Histoplasmosis was first described in Panama in 1906 in a patient presenting miliary tuberculosis-like symptoms. [1] It is caused by the dimorphic fungi Histoplasma spp. Histoplasma is largely present in the Americas but has been described in Africa; Europe; South, Southeast, and East Asia; and Australia. [2] The mycelial phase grows in guano-enriched soils, and aerosolized infectious microconidia can be inhaled. [3] In the host, mycelia transform into yeasts, which usually cause mostly subclinical or a mild spontaneously resolving flu-like respiratory illness. However, when the inoculum is massive it can lead to severe and potentially fatal acute infections. A small proportion of patients with underlying lung disease, may develop chronic fibrotic apical lung infiltrates and cavitation. In immunosuppressed persons, Histoplasma progressively spread to other organs causing a disseminated infection, which, when left untreated, is mostly fatal. [4]
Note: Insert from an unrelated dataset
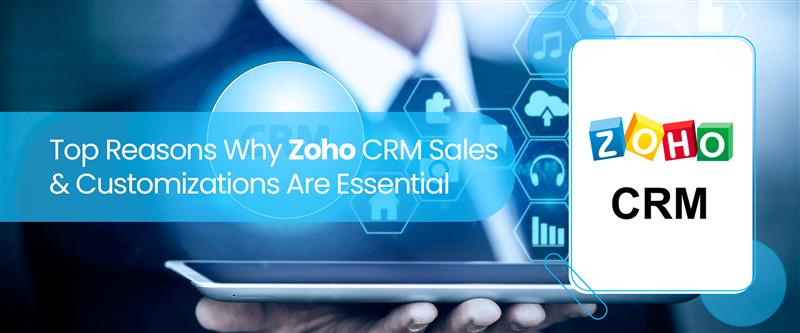 To Know more Essential facts about Zoho CRM Salesforce Integration.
The HIV/AIDS pandemic increased the number of immunocompromized persons, and, in endemic areas, disseminated presentations of histoplasmosis became more frequent. They are clinically very similar to miliary and/or extrapulmonary tuberculosis, and differentiating between the two is thus difficult. [5] In addition, histoplasmosis–tuberculosis coinfections are relatively frequent. Serology is insufficiently sensitive in immunocompromized patients, and fungal culture is slow and may exceed one month. Depending on the level of immune suppression, the dissemination and severity of disseminated histoplasmosis will increase. [3] About 20% of disseminated forms are severe and require prompt diagnosis and treatment because they have high case fatality, often within days. Progressive disseminated histoplasmosis became an AIDS-defining infection in 1986. In the United States of America, where the presence of endemic histoplasmosis is well known, antigen detection tests, which allow to obtain rapid results, became available for clinicians in the late 1980s and liposomal amphotericin became available in 1998. [6,7] Thus, in the USA, there were rapid gains in identifying and treating disseminated histoplasmosis.

The histoplasmosis iceberg in Latin American countries

However, in endemic areas outside of the USA, these gains were mostly not available. HIV/AIDS strategic plans in Latin America have largely been unaware of the existence and magnitude of the problem that was killing many of their patients. [8] Rare reports trickling from rare centers of excellence documented the frequency of cases of disseminated histoplasmosis in HIV-infected patients. Hence, in Panama, 7.6% of patients had culture-proven histoplasmosis [9]; in Venezuela, histoplasmosis was documented in 43 of 200 (21.3%) [10]; in Fortaleza, Brazil, of 378 consecutive hospitalized HIV patients, 164 (43.4%) had disseminated histoplasmosis [11]; A recent screening study in hospitalized HIV patients in Brazil found high Histoplasma antigen prevalence, ranging from 8.8% in Porto Alegre to 44.8% in Natal. [12] In French Guiana, with an overall incidence of 1.5 per 100 person years and 10 per 100 person years for patients with cluster of differentiation lymphocytes 4 (CD4) counts less than 50 per mm3, disseminated histoplasmosis has been the first AIDS-defining illness and the first cause of death in French Guiana; [13,14] among hospitalized HIV-infected patients with advanced HIV, 42% had disseminated histoplasmosis, among those with CD4 counts less than 50 per mm3, 85% had histoplasmosis. [15] With increased diagnostic sensitivity, numbers of diagnoses increase and deaths decrease. [16] In Guatemala, implementing antigen detection led to an increased number of annual diagnoses and a reduction of mortality in HIV-infected patients. [17] In Colombia, increasing awareness through training and antigen detection increased the number of diagnoses six-fold. [18] However, these data originate from histoplasmosis-aware centers, and in most hospitals across Latin America, histoplasmosis is not diagnosed and not treated, often being mistaken for tuberculosis, thereby leading to unnecessary deaths and inflated tuberculosis statistics.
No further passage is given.